Les opinions exprimées dans cet article n'engagent pas le CNAM.

Les références originales de cet article sont : Laura Moaté, « Guerre et philosophie_Force » Revue Défense Nationale, RDN n°867 Février 2024 lien vers l’article sur le site partenaire. Ce texte, ainsi que d’autres publications, peuvent être consultés sur le site de la Revue Défense Nationale.

Ne serait-ce que par sa dénomination comme « force armée », le corps militaire se trouve d’emblée placé sous l’égide de ce concept difficile parce qu’immédiatement plurivoque. Dès son expression latine, il recouvre des faits qui, s’ils connotent tous l’idée de puissance, sont normativement forts différents les uns des autres. L’on utilisera le terme de « vis », traduit par force, pour désigner aussi bien les propriétés essentielles qu’une chose (celles qui lui permettent d’agir), que l’autorité d’un être, sa puissance physique ou encore la violence qu’il exerce. Cette même ambivalence se retrouve dans l’adjectif « viril » qualité que l’on désigne comme étant celle du sexe « fort » parce que détenteur de la vis. Par ailleurs, le terme latin qui donne le français « fort » est l’adjectif « fors, fortis » qui connote aussi bien la vigueur physique que la détermination morale. Il se trouve de ce fait lié au courage et revient, en un sens large, à l’idée générale de fermeté dans l’usage des puissances du corps et de l’esprit.

Cette plurivocité s’énonce comme un problème dès lors qu’on l’interroge sous un prisme moral. La force est en effet, d’une part, une puissance physique mesurable, d’autre part, une vertu et c’est vers cette vertu que se tourne l’effort de définition, logiquement animé par cette question : comment la force pourrait-elle être une vertu si elle peut à la fois désigner la supériorité légitime et la violence la plus arbitraire ? Très tôt, un effort philosophique a donc été produit afin de circonscrire le domaine de moralité de la force, dans le but de déterminer où siège le bien dans l’expression de la puissance, ce qui rend différents le fort et la brute, le chef et le tyran, le défenseur et l’oppresseur.

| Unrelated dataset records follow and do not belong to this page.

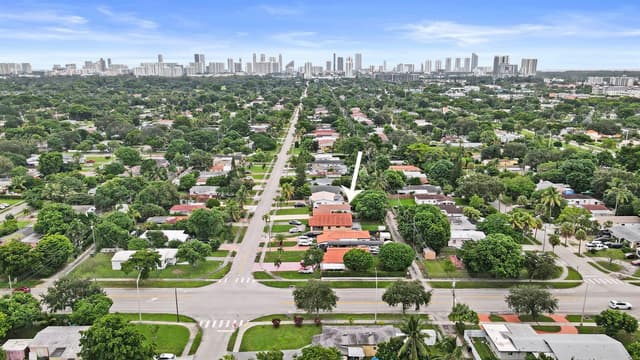 1532 NE 173RD Street, North Miami Beach FL 33162 - North Miami Beach, FL - Photo 4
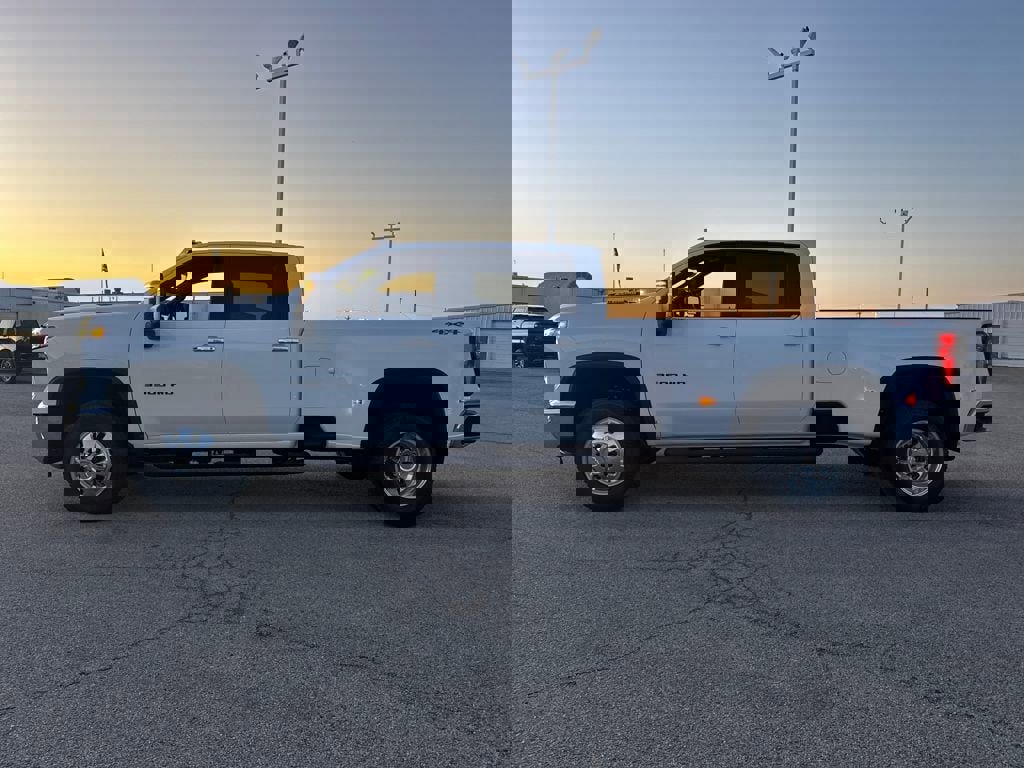 New 2026 Chevrolet Silverado 3500 LTZ w/ LTZ Convenience Package video 3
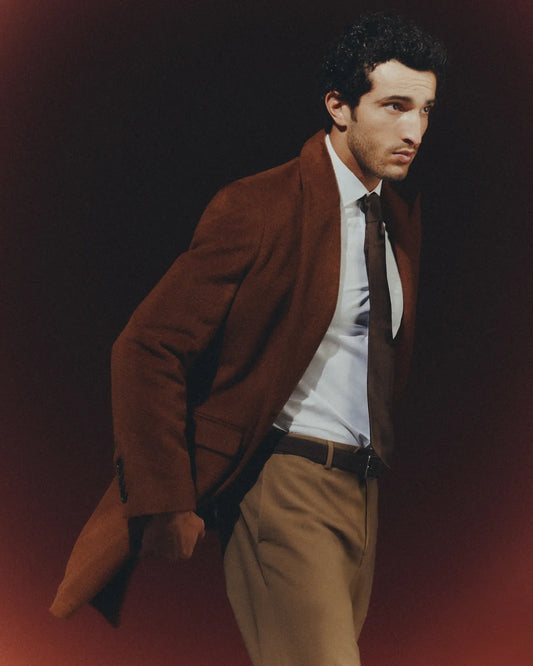 Camel Hair Double-Breasted Overcoat - US 4610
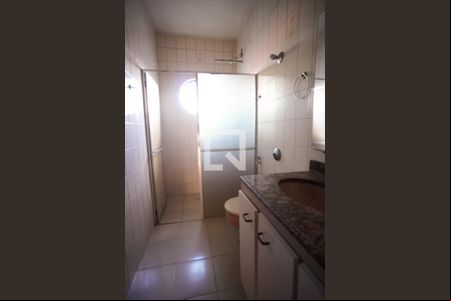 Banheiro de casa para alugar com 2 quartos, 80m² em Jardim Leblon, Belo Horizonte
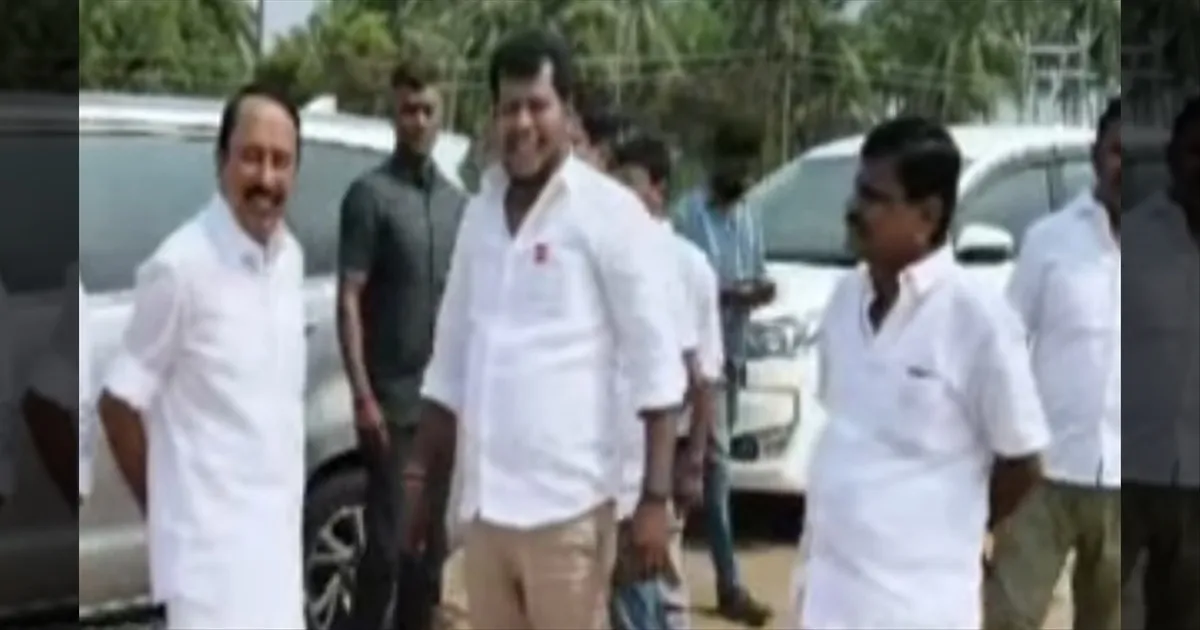 ஏற்பாடு தரமா இருக்கணும்... பிசுரு தட்டக்கூடாது... ஈரோட்டில் விஜய் பொதுக்கூட்டம் நடத்தும் இடத்தில் செங்கோட்டையன் ஆய்வு...!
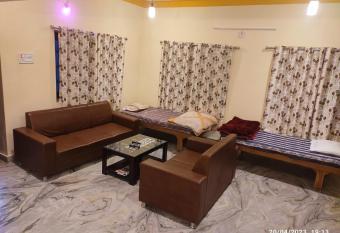 Paramount Villa has Smoking/Balcony rooms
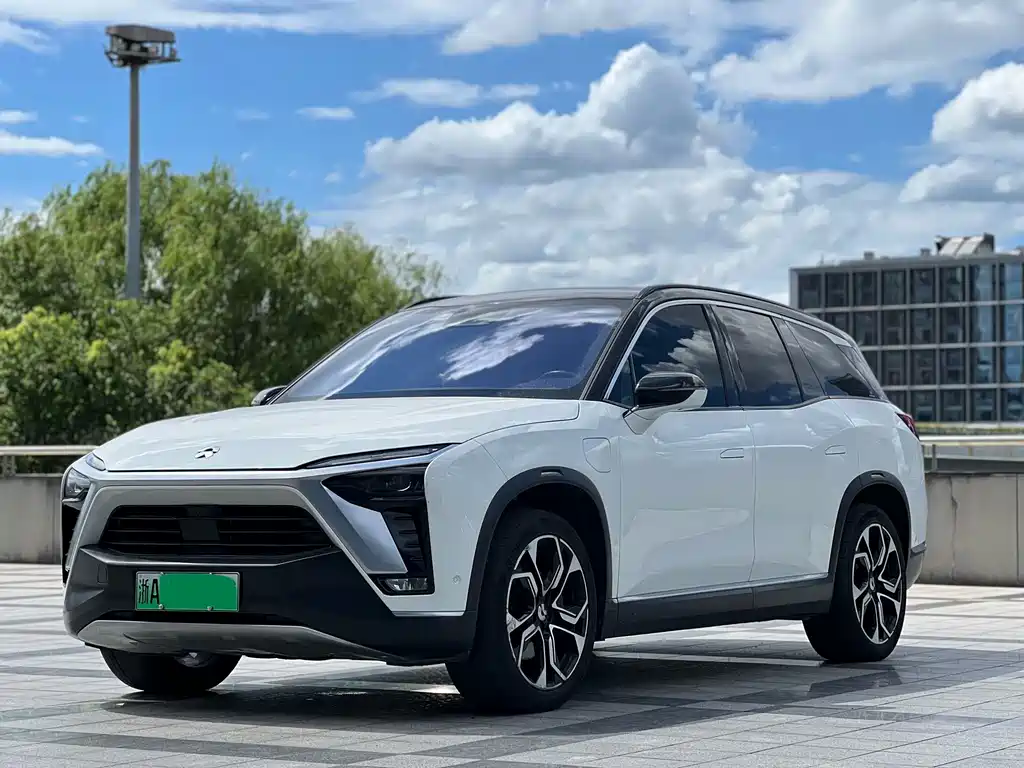 NIO ES8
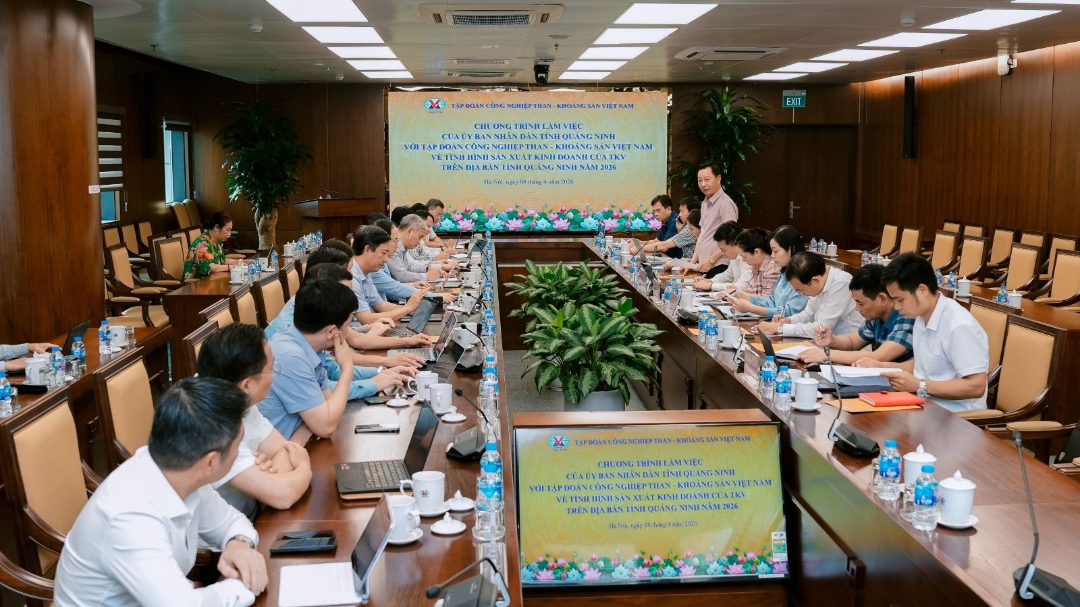 Chương trình làm việc giữa TKV và UBND tỉnh Quảng Ninh nhằm đánh giá tình hình sản xuất kinh doanh, trao đổi các giải pháp thúc đẩy tăng trưởng ngành Than tại Quảng Ninh.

Penser la force en tant que force morale nécessite alors à tout le moins de prendre en vue trois critères : la fin qu’elle se fixe (ce qui la lie à la magnanimité) ; l’adversaire qu’elle affronte (ce qui la lie à l’égalité) ; et les moyens qu’elle utilise (ce qui la lie à la publicité). Elle doit donc tendre vers un bien, s’opposer à une menace véritable et le faire publiquement, c’est-à-dire en s’opposant à la ruse qui se cache et accepter alors d’être prise dans un jeu de regards croisés.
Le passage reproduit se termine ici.